Make the dough: Combine the flour, sugar, yeast, and salt in a gallon ziploc bag. Shake to mix. Add the butter to the bag, seal the bag, and shake to coat the butter. Press the air out of the bag and reseal it. Roll over the bag with a rolling pin, shaking the bag after each pass until the butter becomes large flakes. Empty the contents into a large bowl. Stir the sour cream, orange juice, ice water, and egg yolk into the butter-flour mixture until combined. Turn the dough out onto a floured work surface and knead the dough into a smooth, cohesive ball. Roll the dough out into a 20×12-inch rectangle. Starting at the short end, begin rolling the dough into a tight cylinder (like you’d roll a carpet). Pat the cylinder into a a 12×4-inch rectangle. Place the dough on a parchment-lined baking sheet and cover with plastic. Freeze for 15 minutes. Meanwhile, generously butter 12 muffin tins.

Make the filling: Mix all of the ingredients together.

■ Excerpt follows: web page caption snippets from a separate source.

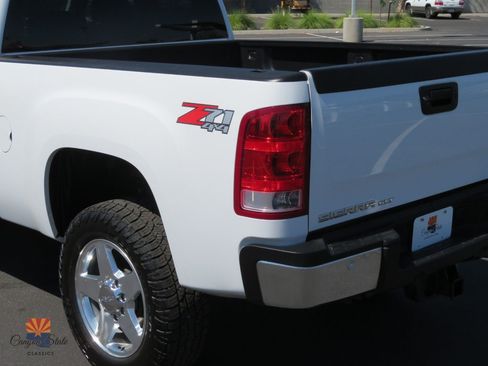 Used 2013 GMC Sierra 2500 SLT w/ SLT Convenience Package AWD/4WD image 17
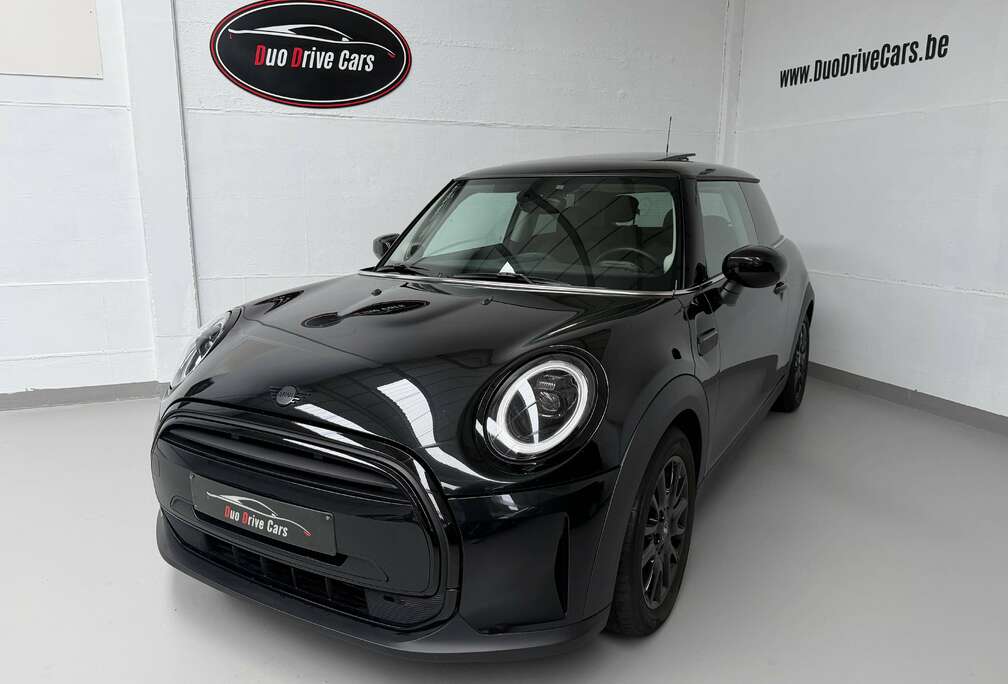 MINI Cooper - Facelift - Camden Edition - Carplay - Cuir -Capteurs de recul - 1 an de garantie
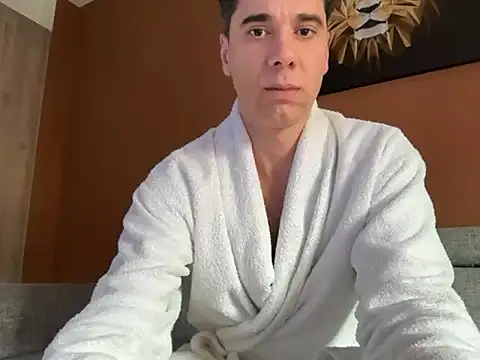 Snapshot of marcoo_x chatting on March 20, 8:19 am marcoo x online show from March 20, 8:19 am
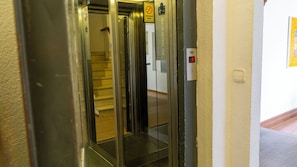 Elevator
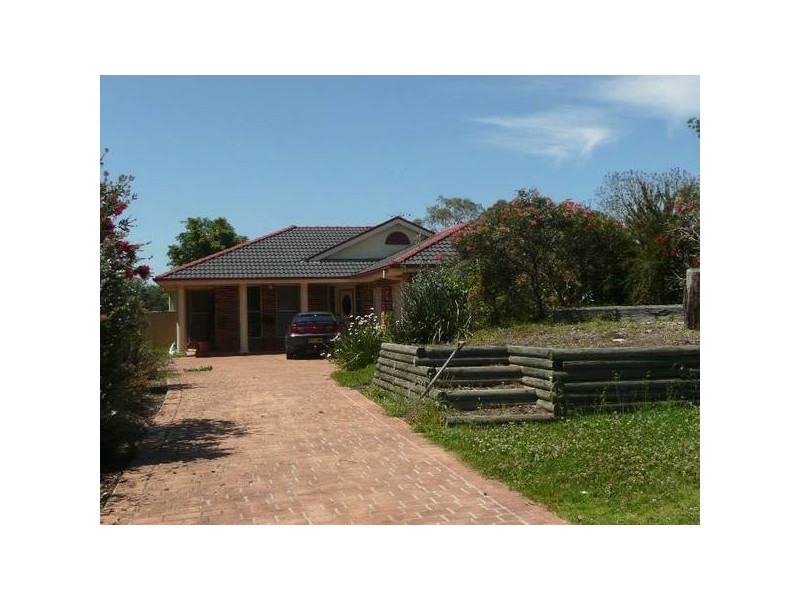 6 Goldenia Close, Morisset NSW 2264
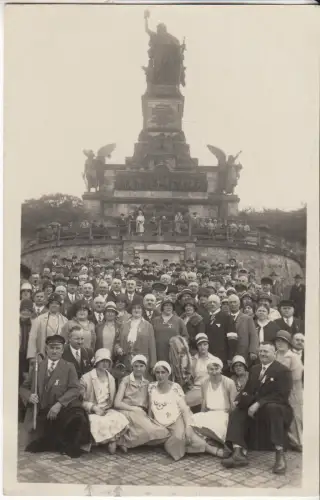 AK Niederwalddenkmal mit Besuchergruppe, ca. 1930, Postkarte, ungelaufen, gut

Assemble the buns: Roll the dough into a 20×12-inch rectangle. Sprinkle the filling over the dough, leaving 1/2-inch clean margins along the edges. Lightly press the filling into the dough. Starting from the long end, roll the dough up into a cylinder, pinching the final edge to the roll to seal it. Trim the ends of the roll with a sharp knife, then cut the roll into 12 pieces of equal width. Place each roll, cut-side up, in the muffin tin (you can use muffin papers if you like, but I like how the butter and sugars caramelize in the bottom of the tin). Cover the dough loosely with plastic wrap and place in the refrigerator for at least 4 hours or up to 24 hours.

Bake the buns: Preheat the oven to 200°F. Remove the buns from the refrigerator and discard the plastic wrap. Turn the oven off and proof the buns in the oven for 20-30 minutes until they have doubled in size. Remove the buns from the oven and increase the temperature to 425°F. Bake the morning buns for 5 minutes, then reduce the oven temperature to 325°F. Continue to bake until the buns turn a deep golden brown, about 40-50 more minutes. Remove from the oven and let cool for about 5 minutes, then remove the morning buns from the tins (if you let them cool in the tins, they may just stick as the caramel turns hard). Makes 12 buns.


more goodness from the use real butter archives

kouign amann pastry huckleberry lemon sweet rolls apple cider caramel apple cinnamon rolls peach pie cinnamon rolls

15 nibbles at “what the morning will bring”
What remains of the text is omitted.